Halokerne sind Atomkerne, bei denen einzelne Nukleonen (das sind Protonen und Neutronen) einen relativ großen Abstand zum Rest des Kerns haben. Je nachdem ob Protonen oder Neutronen weit vom Rest des Kerns entfernt sind, werden Halokerne in Protonenhalos und Neutronenhalos unterteilt. Dabei überwiegt unter den bisher entdeckten Halokernen die Anzahl der Neutronenhalos gegenüber den Protonenhalos. Halokerne sind instabile Kerne nahe der Drip Line (Abbruchkante) für den Zerfall durch Protonen- bzw. Neutronenemission.
Halokerne wurden 1986 von Isaho Tanihata und Kollegen am Lawrence Berkeley National Laboratory (LBNL) an einem der ersten Beschleunigeranlagen für radioaktive Kerne bei der Streuung von Kernen aneinander als Kerne mit anomal großer Ausdehnung entdeckt[1]. Die Interpretation als Halo-Phänomen kam 1987 von Björn Jonson und P. Gregers Hansen.[2] Sie wurden zum Beispiel in der ISOLDE-Anlage des CERN und am GSI Darmstadt genauer untersucht.

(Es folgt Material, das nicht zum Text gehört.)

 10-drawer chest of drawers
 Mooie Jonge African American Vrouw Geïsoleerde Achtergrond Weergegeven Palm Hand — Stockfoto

Vorhergesagt wurden sie 1972 von Arkadi Beinussowitsch Migdal[3].
Der Name erinnert an gleichnamige ringförmige Lichteffekte (Halo).
Die Halonukleonen besitzen aufgrund der großen Entfernung zum Rest des Kerns eine deutlich niedrigere Bindungsenergie als normal gebundene Nukleonen, die eine Bindungsenergie von etwa 5 MeV im Lithium-Bereich haben. Die starke Kernkraft, welche die Nukleonen im Kern konzentriert, hat eine Reichweite etwa 2 bis 3 Femtometern (fm), wohingegen zum Beispiel der mittlere Abstand des Halo-Neutrons des 2009 von Wilfried Nörtershäuser (Mainz) und Kollegen mit Laserspektroskopie genauer untersuchten 1-Neutron Halo-Kerns 11Be 7 fm beträgt[4][5] bei einem Radius des Rumpfkerns von 2,5 fm. Nach den Gesetzen der klassischen Physik gäbe es deshalb keine Bindung zwischen dem Kernrumpf und den Halonukleonen. Die trotzdem vorhandene Bindungsenergie lässt sich mit der Unschärfe der Halonukleonen erklären. Die Aufenthaltswahrscheinlichkeit ist für Halonukleonen räumlich weit ausgedehnt, sodass sich die Nukleonen mit einer ausreichenden Wahrscheinlichkeit nahe genug am Kernrumpf befinden, um die starke Wechselwirkung zu erfahren. Beim genauer untersuchten 2 Neutron-Halokern Lithium 11 dehnt sich die Wellenfunktion fast bis zum Radius des schweren Bleikerns (Blei 208 mit 7 fm Radius) aus und die Separationsenergie eines der äußeren Neutronen beträgt nur noch rund 0,3 MeV.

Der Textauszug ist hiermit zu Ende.